Both v0.1 and the current version of the OO API allow the key system to be specified at any point after loading has started. They even require that the key system not be chosen or associated, respectively, until after loading has started. As a result, it is very likely that the key system will be set AFTER some frames have been decoded. For key systems/CDMs that include a decoder (or entire video pipeline), this means that the decoder may change when the key system is selected. This is primarily (only?) a problem if there is some clear content being decoded/played before the encrypted content so decoding could start before a key system was specified.
Supporting decoder changes may be very difficult to implement, especially without restrictions on the content. For example, the switch might occur in the middle of a group of frames that depend on previous frames to decode subsequent frames. While this could be worked around, it might be better to avoid this situation completely.
1) Require the key system to be specified before loading and/or decoding starts. If it is not specified by this time, it cannot be set later, meaning decryption would not be possible. This would likely reduce the utility of the needkey event.
2) Allow switching decoders whenever Media Source Extensions allow changing codecs/decoders.
3) Switch decoders when the first encrypted frame is encountered, possibly requiring the next item.
4) Establish limitations on which frames can be encrypted. For example, P-and B-frames may not be encrypted if the I-frame is not. Due to seeking, this would apply throughout a stream and not just to the beginning.
5) Switch immediately and drop frames if necessary.
6) Suggest the above to applications and make it a quality of implementation issue for applications.
7) Leave the behavior undefined, making it a quality of implementation issue for user agents.
There are some implicit assumptions above.
The first is that once you select a key system (and thus decoder), you cannot change it. In other words, you cannot use multiple key systems during the life (between loads) of a media element.
Also, to be clear, unencrypted content is supported even after selecting a key system. This means there is a requirement that CDM decoders can also decode clear/unencryped content.
We think we should add informative text that suggests applications should create a MediaKeys object and call setMediaKeys before setting the media source if they want to signal to the media engine that a protected pipeline is desired.
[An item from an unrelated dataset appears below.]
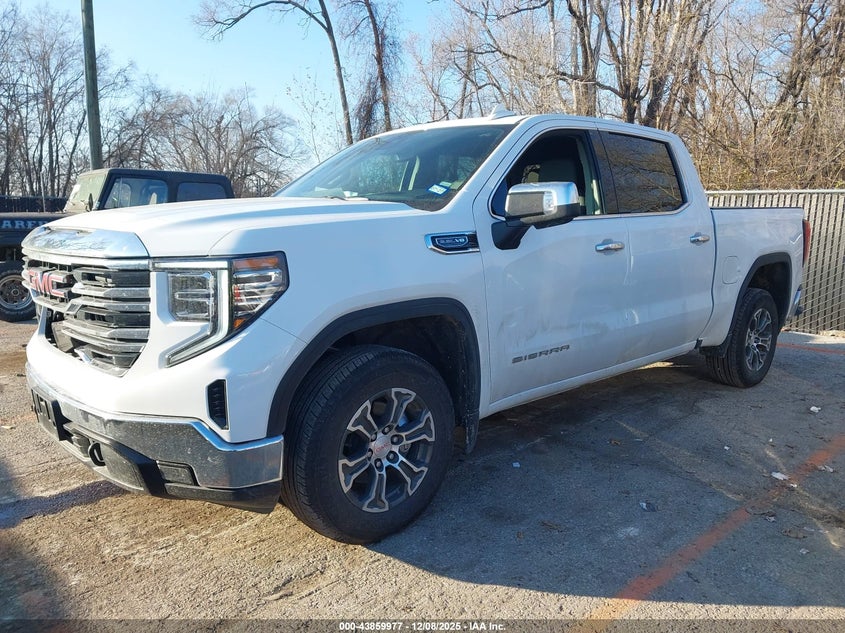 1GTPHDED9TZ131809 2026 GMC SIERRA photo no. 2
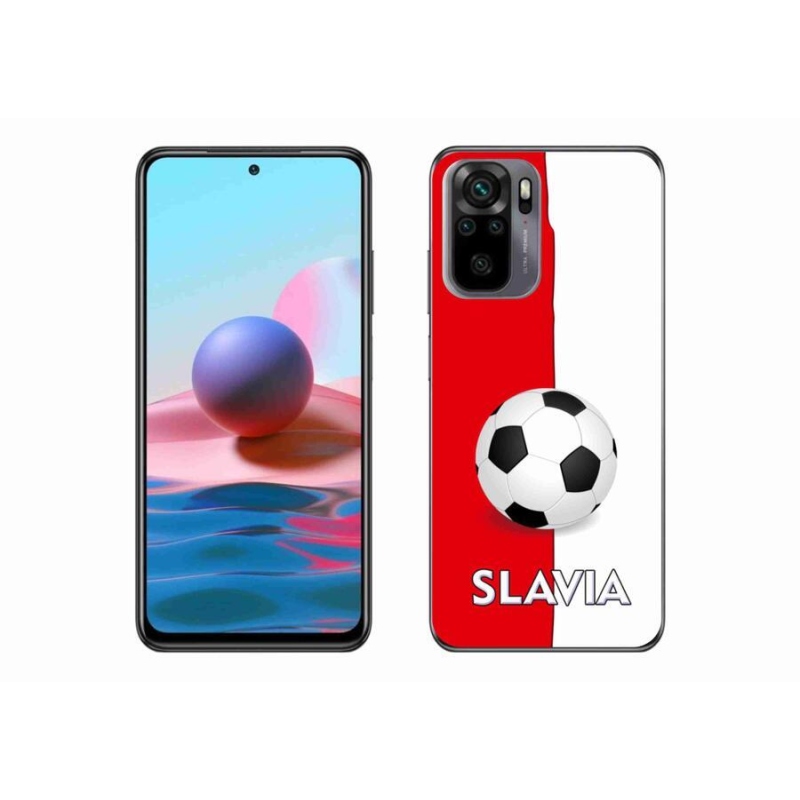 Gélový kryt mmCase na mobil Xiaomi Poco M5s - futbal 2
If the application does not do this then this should be left as a quality of implementation issue.
Resolution of bug 19009 may address this. It should at least consider it.
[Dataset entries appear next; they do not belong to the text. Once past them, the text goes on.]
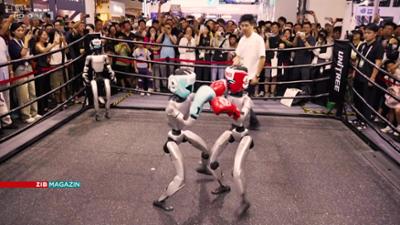 China und die USA im KI-Wettstreit: ZIB Magazin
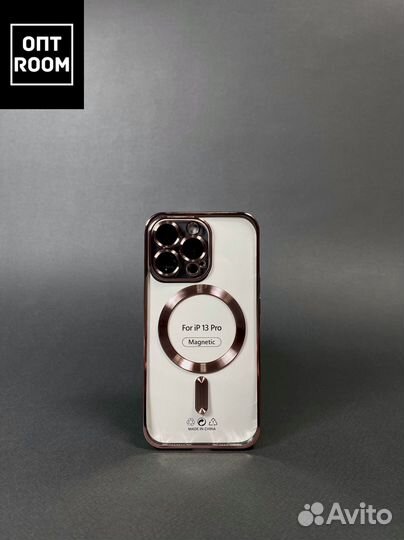 Чеxол пpозрачный c Маgsаfе iPhоne 13 Pro
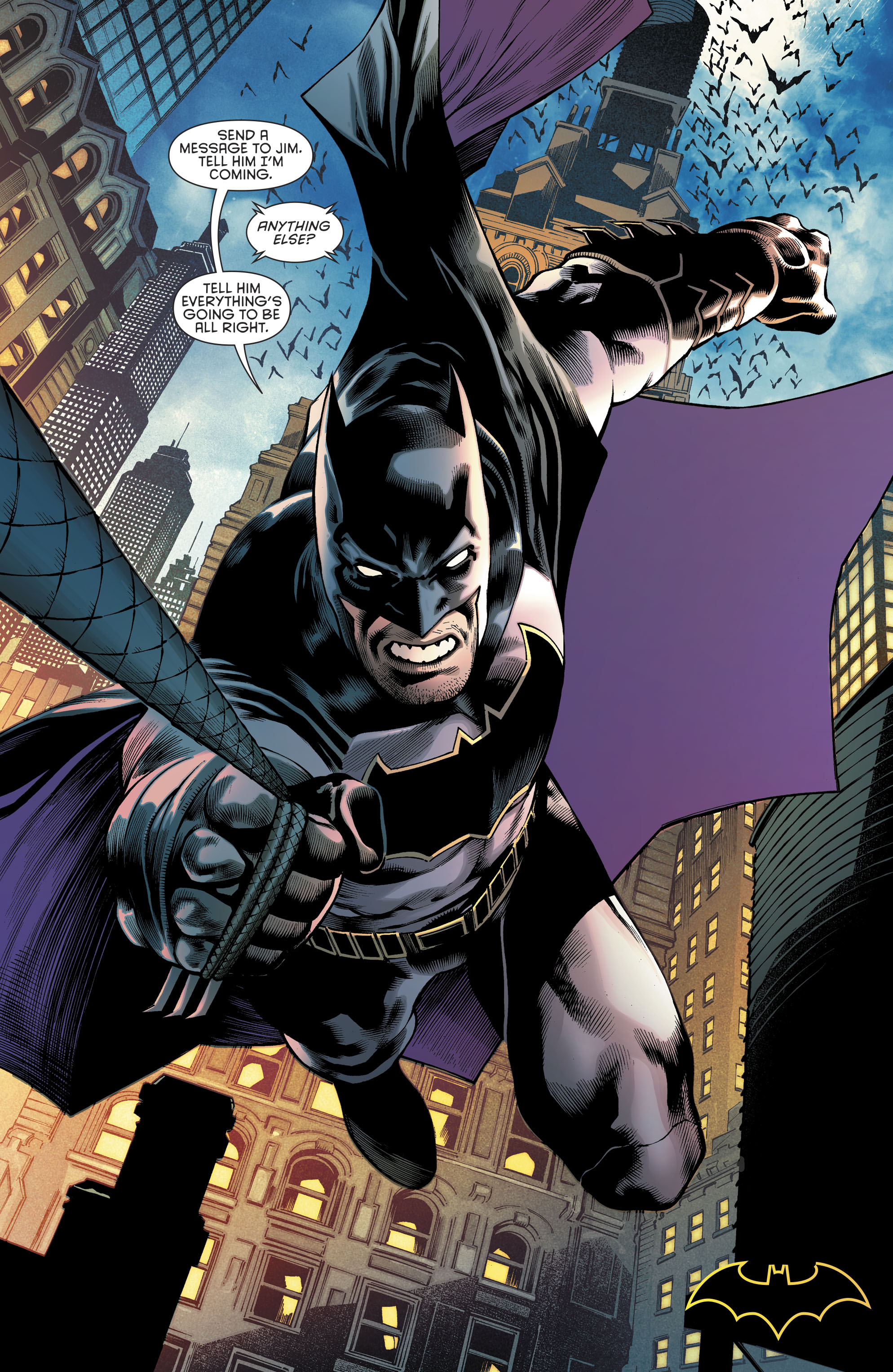Detective Comics Chapter 981 page 22 - 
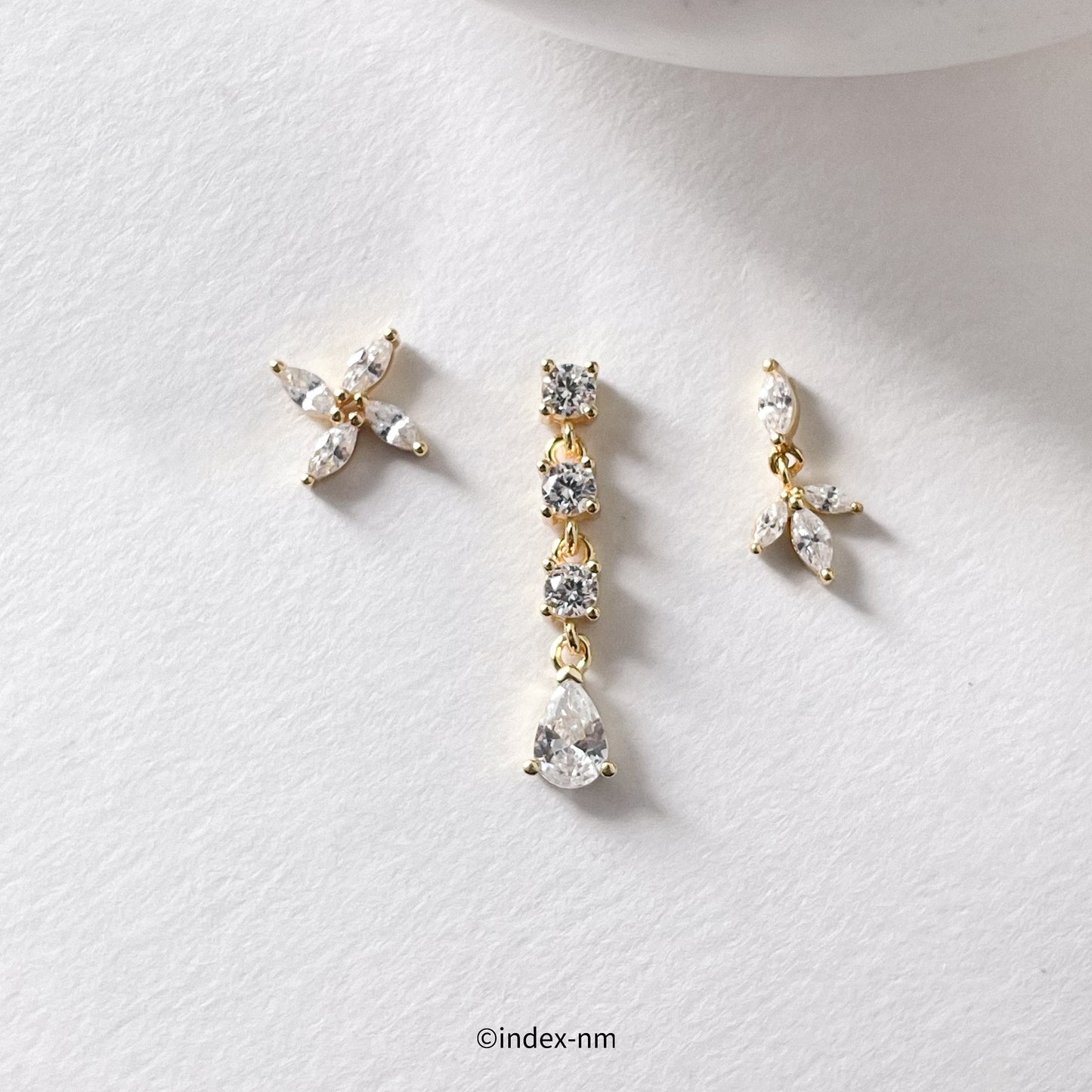 Monet | Crystal garden set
For the record, this was discussed on the email list last fall: http://lists.w3.org/Archives/Public/public-html-media/2012Oct/0001.html
Discussed on the telcon, the current spec address this issue.
I don't believe the current spec text addresses this issue.
Adrian proposed the following in comment #2. Is this no longer the intended solution?
> We think we should add informative text that suggests applications should
> create a MediaKeys object and call setMediaKeys before setting the media
> source if they want to signal to the media engine that a protected pipeline
> is desired. If the application does not do this then this should be left as
> a quality of implementation issue.
The fix for bug 19009 notes that events may not be fired at MediaKeySession objects until setMediaKeys() is called, but this is not the same as Adrian's suggestion.
The current setMediaKeys() algorithm text contains the following statement, which is incompatible with this solution:
"In general, applications should wait for an event named needkey or loadstart (per the resource fetch algorithm) before calling this method."
This text is left over from generateKeyRequest(). I think we can eliminate it since HTMLMediaElement implementations should be able to store a reference to the MediaKeys even if the MediaPlayer is not initialized.
1) Should we add text similar to Adrian's proposal?
2) Any reason not to remove the text left over from generateKeyRequest()?
In addition to the non-normative text mentioned above, the setMediaKeys() algorithm contains the following normative step, which we should also remove:
"If loading has not started, throw an INVALID_STATE_ERR exception and abort these steps."
If we do recommend that setMediaKeys() be called before setting the source, we may want to reconsider whether to add the 'keySystem' attribute to HTMLSourceElement (issue 20336). Using <source> with 'keySystem' would contradict this recommendation, so I don't think it makes sense to make user agents implement this unlikely-to-be-used feature.
Updated the spec with changes from comments 6 and 7:
David will file a new bug for comment 8.
The new bug to address the contradiction is bug 23828.